Staunton, Nov. 4 – The Russian government, and following it most Russian analysts and many Western ones as well, view the division between “traditional” Islam as defined by Moscow as something positive or at least acceptable and “non-traditional” Islam again as defined by Moscow as something inherently threatening and subject to banning, Aleksey Makarkin says.
But the Moscow analyst says that in fact what Moscow calls “traditional” Islam, that is an Islam which remains confined to the mosque, can be as radical or even more so than the “non-traditional” kind that the Russian authorities seek to suppress (rosbalt.ru/posts/2023/11/03/1997642.html).
Failure to recognize this reality – and he implies that it is widespread -- Makarkin continues, means that Moscow often targets groups that it defines as “non-traditional” rather than being concerned about “traditional” Muslim organizations and individuals that it categorizes as being of no real threat.

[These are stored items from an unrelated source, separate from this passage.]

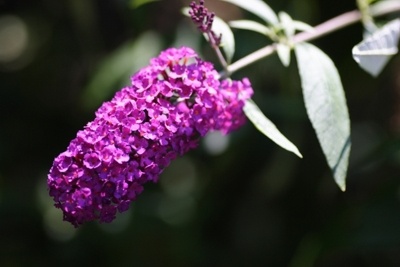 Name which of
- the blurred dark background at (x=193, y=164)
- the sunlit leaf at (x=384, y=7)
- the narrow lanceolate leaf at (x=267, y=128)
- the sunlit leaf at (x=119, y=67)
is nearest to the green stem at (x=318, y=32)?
the sunlit leaf at (x=384, y=7)

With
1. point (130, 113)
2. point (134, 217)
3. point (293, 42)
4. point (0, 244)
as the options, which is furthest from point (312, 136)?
point (130, 113)

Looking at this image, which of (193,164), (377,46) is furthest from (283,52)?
(193,164)

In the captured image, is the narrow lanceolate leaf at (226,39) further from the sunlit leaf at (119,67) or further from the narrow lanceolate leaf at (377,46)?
the sunlit leaf at (119,67)

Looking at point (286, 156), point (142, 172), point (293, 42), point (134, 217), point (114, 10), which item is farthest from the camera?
point (114, 10)

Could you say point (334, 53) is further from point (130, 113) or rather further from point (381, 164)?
point (130, 113)

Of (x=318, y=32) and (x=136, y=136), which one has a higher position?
(x=318, y=32)

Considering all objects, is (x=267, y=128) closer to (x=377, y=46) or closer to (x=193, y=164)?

Some kinds of radicalism exist on both sides of this divide such as a consensus about Palestinians. There may be differences in how the two express their anger about Israeli action, but there is a real consensus about this that while currently expressed in different ways nonetheless highlights the unity of Islam beneath the divisions Moscow thinks exist.
And that means, the analyst implies, that if the regime targets one kind of Islam but not the other, it may unwittingly radicalize those it calls traditional and make them as radical or more so than those it calls non-traditional. That has happened repeatedly in the North Caucasus over the last three decades, and it can happen elsewhere as well.